━━━ RECORDS SUPPLIED ━━━
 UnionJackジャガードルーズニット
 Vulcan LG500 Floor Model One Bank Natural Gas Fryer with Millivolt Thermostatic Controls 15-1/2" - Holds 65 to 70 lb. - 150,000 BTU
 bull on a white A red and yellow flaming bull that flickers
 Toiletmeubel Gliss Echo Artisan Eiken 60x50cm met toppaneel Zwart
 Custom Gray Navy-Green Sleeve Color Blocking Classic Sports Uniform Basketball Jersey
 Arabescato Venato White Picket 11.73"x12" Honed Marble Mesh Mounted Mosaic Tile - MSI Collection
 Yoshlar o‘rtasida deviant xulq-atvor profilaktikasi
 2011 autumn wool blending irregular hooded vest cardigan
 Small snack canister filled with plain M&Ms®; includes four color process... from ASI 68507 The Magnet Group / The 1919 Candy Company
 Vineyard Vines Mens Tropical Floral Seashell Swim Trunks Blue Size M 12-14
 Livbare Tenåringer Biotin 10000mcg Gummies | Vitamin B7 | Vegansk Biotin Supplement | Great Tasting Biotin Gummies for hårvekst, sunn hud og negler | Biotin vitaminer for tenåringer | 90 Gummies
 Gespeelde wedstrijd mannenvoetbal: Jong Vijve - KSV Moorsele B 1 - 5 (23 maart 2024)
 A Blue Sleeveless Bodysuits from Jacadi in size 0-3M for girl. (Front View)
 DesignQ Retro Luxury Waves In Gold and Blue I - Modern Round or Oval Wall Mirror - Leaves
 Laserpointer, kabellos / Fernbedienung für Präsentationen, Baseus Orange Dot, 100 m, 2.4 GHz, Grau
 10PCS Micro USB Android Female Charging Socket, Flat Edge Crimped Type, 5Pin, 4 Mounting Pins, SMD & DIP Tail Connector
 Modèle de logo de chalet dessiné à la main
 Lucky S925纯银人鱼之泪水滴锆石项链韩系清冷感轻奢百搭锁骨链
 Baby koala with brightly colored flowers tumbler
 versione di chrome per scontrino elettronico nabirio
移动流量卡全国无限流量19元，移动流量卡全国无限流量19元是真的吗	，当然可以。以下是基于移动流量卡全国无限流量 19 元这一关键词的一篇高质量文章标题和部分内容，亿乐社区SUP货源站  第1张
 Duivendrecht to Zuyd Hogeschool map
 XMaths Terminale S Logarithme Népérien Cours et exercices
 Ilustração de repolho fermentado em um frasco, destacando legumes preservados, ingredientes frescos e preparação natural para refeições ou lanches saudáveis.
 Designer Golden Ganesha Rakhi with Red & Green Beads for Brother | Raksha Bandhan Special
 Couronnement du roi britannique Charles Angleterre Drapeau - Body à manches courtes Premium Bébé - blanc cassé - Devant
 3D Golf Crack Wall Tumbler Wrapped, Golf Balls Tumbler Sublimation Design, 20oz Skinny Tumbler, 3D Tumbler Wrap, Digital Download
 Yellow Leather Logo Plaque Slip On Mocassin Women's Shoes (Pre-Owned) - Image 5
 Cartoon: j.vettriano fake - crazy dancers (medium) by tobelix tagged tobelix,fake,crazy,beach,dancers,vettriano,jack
━━━
- YOUR ASSIGNMENT
Take from the material above the lines running from the one with "Lucky S925纯银人鱼之泪水滴锆石项链韩系清冷感轻奢百搭锁骨链" through the one with "XMaths Terminale S", and repeat them exactly, with nothing else.

- RESPONSE TO THE TASK
 Lucky S925纯银人鱼之泪水滴锆石项链韩系清冷感轻奢百搭锁骨链
 Baby koala with brightly colored flowers tumbler
 versione di chrome per scontrino elettronico nabirio
移动流量卡全国无限流量19元，移动流量卡全国无限流量19元是真的吗	，当然可以。以下是基于移动流量卡全国无限流量 19 元这一关键词的一篇高质量文章标题和部分内容，亿乐社区SUP货源站  第1张
 Duivendrecht to Zuyd Hogeschool map
 XMaths Terminale S Logarithme Népérien Cours et exercices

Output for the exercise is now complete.